LE CAIRE – 17 février 2024 : Le gouvernement égyptien est en train d’établir une zone logistique à Rafah, dans le Sinaï, où l’aide humanitaire pourra être stockée et conservée en vue de son acheminement vers la bande de Gaza, a annoncé le général de division Mohamed Abdel Fadil Shousha, gouverneur du nord du Sinaï. remarques des médias vendredi.
Le gouverneur a ajouté que la zone sera aménagée pour préserver le bien de l’aide humanitaire, comme la nourriture et d’autres fournitures, afin de ne pas être endommagée par les conditions météorologiques.

La zone en construction comprendra des aires de stationnement pour les camions, des entrepôts sécurisés, des bureaux administratifs et des aires de repos pour les conducteurs, a indiqué le gouverneur, soulignant qu’elle a été dotée de tous les moyens de subsistance et de l’électricité pour assurer la fluidité du transport vers et depuis cette zone. .
Le gouverneur a déclaré que la création de la zone logistique à Rafah vise à réduire le fardeau des chauffeurs et à réduire la foule à Al-Arish et sur les routes, en plus de faciliter le travail du Croissant-Rouge égyptien dans la fourniture de l’aide aux Gazaouis.
Diaa Rashwan, chef du Service d’information de l’État (SIS), a catégoriquement démenti les informations selon lesquelles l’Égypte envisageait de créer des unités pour abriter les Palestiniens à sa frontière avec Gaza en cas de déplacement forcé provoqué par les attaques israéliennes.

Dans un communiqué, Rashwan a réitéré le « rejet sans équivoque et irréversible de tout déplacement forcé ou volontaire de frères palestiniens de la bande de Gaza, en particulier vers les territoires égyptiens ».
Il a souligné qu’un tel déplacement liquiderait définitivement la cause palestinienne et constituerait une menace pour la souveraineté et la sécurité nationale égyptiennes.
« Les remarques et déclarations égyptiennes ont considéré que cela [issue] une ligne rouge et ont affirmé que Le Caire possède les moyens d’y remédier immédiatement et efficacement », a souligné Rashwan.

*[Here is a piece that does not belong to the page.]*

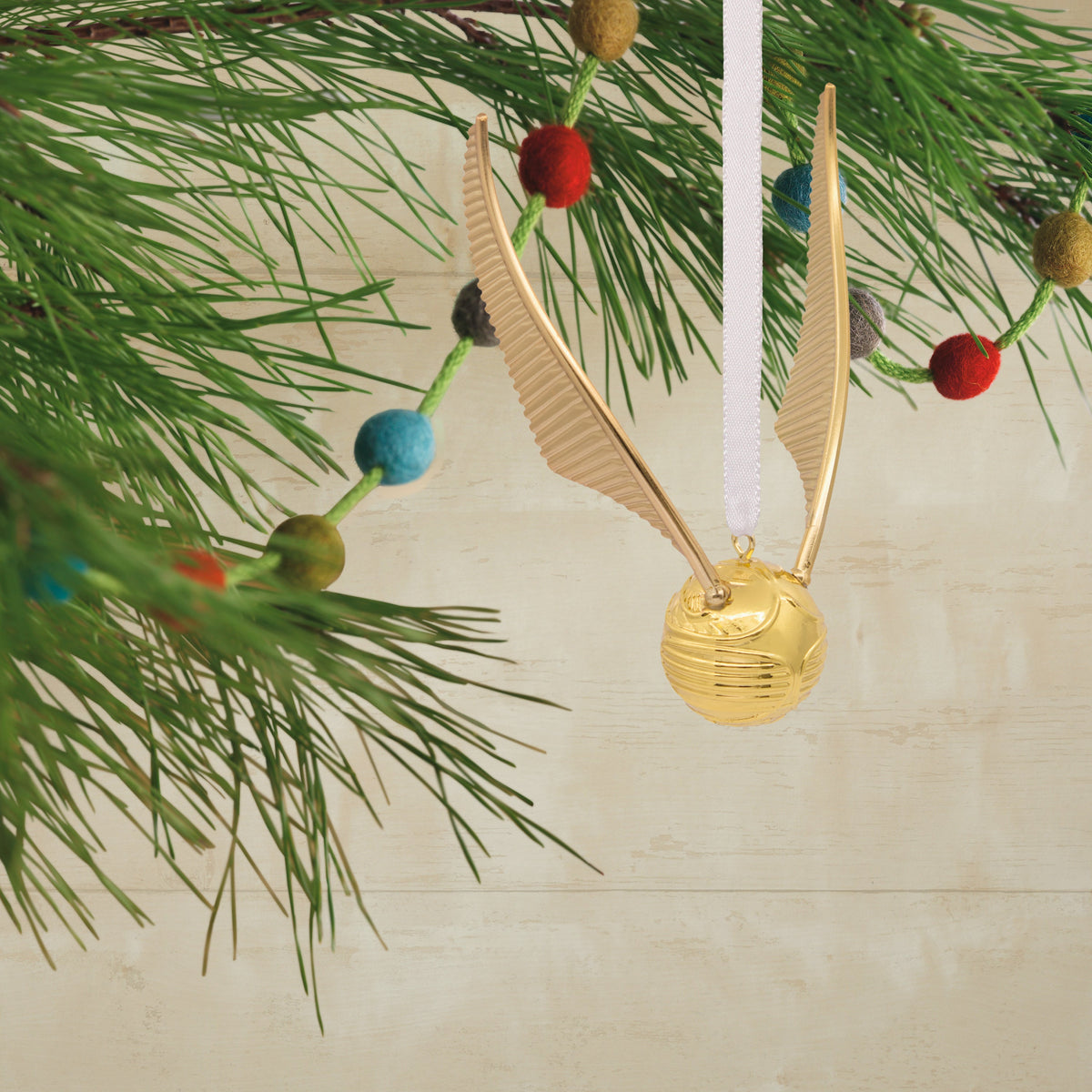 Premium Collectable Harry Potter™ - Golden Snitch Ornament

Il a déclaré que l’Égypte ne prendrait aucune mesure sur son territoire qui contredirait sa position déclarée et claire.
Il a en outre souligné que certains partis propagent faussement ces prétendues mesures pour impliquer à tort l’Égypte dans le crime de déplacement de Palestiniens, préconisé par certains partis israéliens.

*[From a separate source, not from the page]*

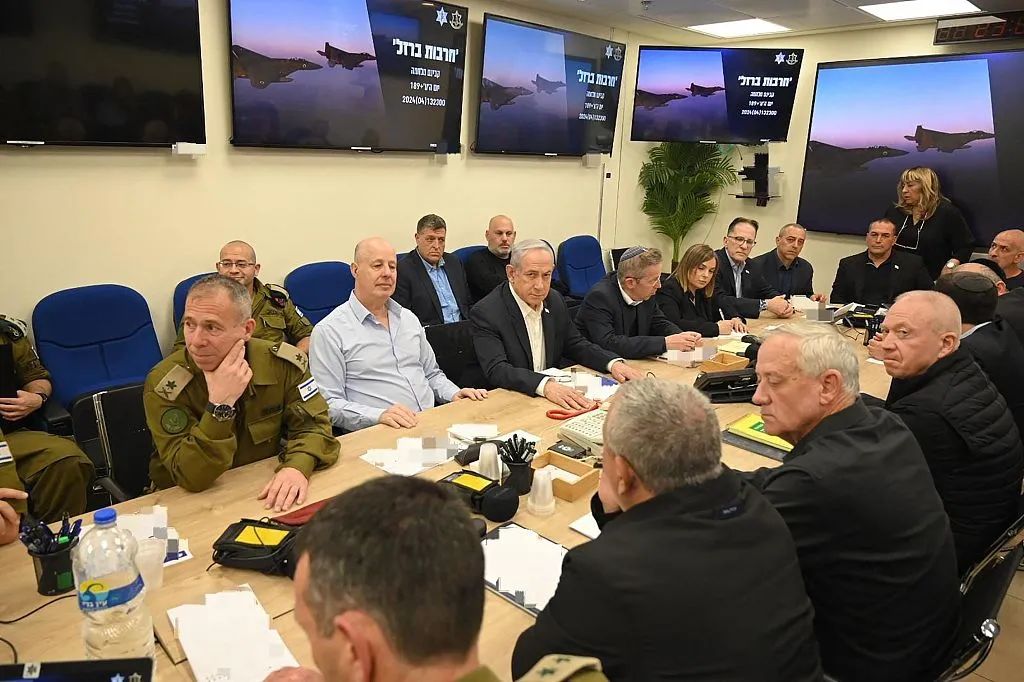 当地时间4月14日，以色列总理内塔尼亚胡(中)举行的战争内阁会议。图源：视觉中国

« Il s’agit d’un crime grave condamné par le droit humanitaire international, et l’Égypte n’y participera pas », a déclaré Rashwan.
Il a souligné l’engagement de l’Égypte à prendre toutes les mesures nécessaires pour prévenir ce crime.
En outre, Rashwan a commenté les reportages des médias sur la construction par l’Égypte d’un mur frontalier avec Gaza, déclarant que l’Égypte disposait d’une zone tampon et de barrières dans cette région bien avant la crise actuelle.
Il a expliqué que ces mesures sont prises par n’importe quel pays dans le monde pour sauvegarder sa souveraineté et la sécurité de ses frontières.
Menace d’offensive sur Rafah
Vendredi, Reuters a cité quatre sources anonymes affirmant que l’Égypte prépare une zone à sa frontière avec Gaza pour potentiellement accueillir des Palestiniens en cas de déplacement massif.
Israël prévoit une offensive dans la ville de Rafah, située à la frontière entre l’Égypte et Gaza et qui constitue le dernier refuge pour les Palestiniens dans la bande de Gaza.
L’Égypte a exprimé son rejet total de l’opération israélienne prévue, appelant à unir tous les efforts internationaux et régionaux pour empêcher les attaques contre la ville.
Le Caire a exprimé à plusieurs reprises son rejet de la « politique systématique » israélienne consistant à tenter de déplacer les Palestiniens hors de leurs terres, y compris vers le Sinaï.
En début de semaine, le ministre égyptien des Affaires étrangères, Sameh Choukry, a démenti les informations selon lesquelles Le Caire envisageait de suspendre son traité de paix de 1979 avec Israël au cas où l’offensive de Rafah serait menée.
Au cours des 133 derniers jours, les attaques israéliennes à Gaza ont tué 28 775 personnes et en ont blessé 68 552, selon le ministère de la Santé de Gaza.